There are many interesting and useful contributions offered in the book. One is represented in the following figure (5.1), in which Craver and Darden point out that there are multiple ways in which mechanisms are invoked in scientific research, not just one. The most common way in which we think of mechanisms is as "producers" of outcomes -- the first panel of the figure. But there are several other valid uses as well. There is the "X underlies Y" relation (panel 2), in which we provide a set of mechanisms X as an explanation of how the properties of Y are constituted; and there is the "X maintains Y" relation, in which we provide a set of mechanisms X as an explanation of the homeostasis of Y (the feedback loops and corrective mechanisms that return Y's properties to equilibrium after a period of drift or change).

 
 
Another interesting observation that C-D develop is the idea of "modular subassembly". 
This process, modular subassembly, involves reasoning about how mechanism components might be combined in surprising ways.
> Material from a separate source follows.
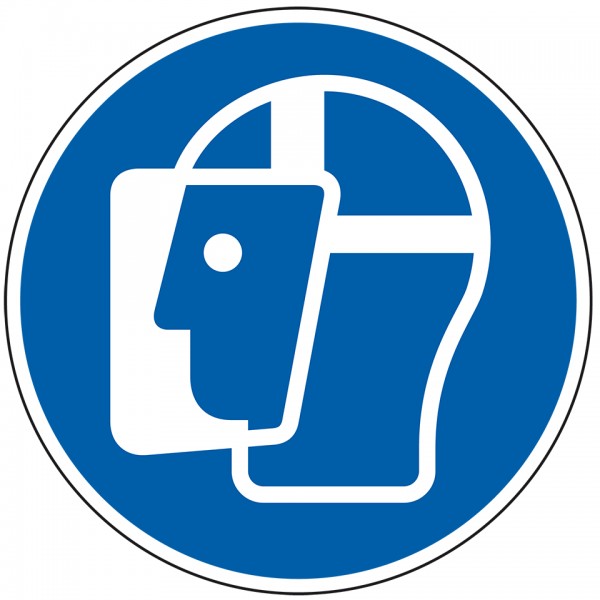 Schild I Gebotsschild Gesichtsschutz benutzen, Kunststoff, Ø 200mm, ASR A1.3, DIN EN ISO 7010 M013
One hypothesizes that a mechanism consists of (either known or unknown) modules or types of modules. One cobbles together different modules to construct a hypothesized how-possibly mechanism, guided by the goal of finding modules to fill all the gaps in a productively continuous mechanism. In doing so, scientists draw upon their knowledge of the store of types of entities and activities and modules (i.e., interconnected entities and activities that have a particular function). (kl 1726)
This description invokes the idea of realistic inquiry into the subprocesses that give continuous action to the mechanism. Essentially this invokes the idea of opening the black box of the mechanism and asking how the mechanism itself works. And the ontological assumption is that the mechanism consists of discrete sup-processes.
 
A third valuable idea that is advanced in this work is the idea of multi-level mechanisms.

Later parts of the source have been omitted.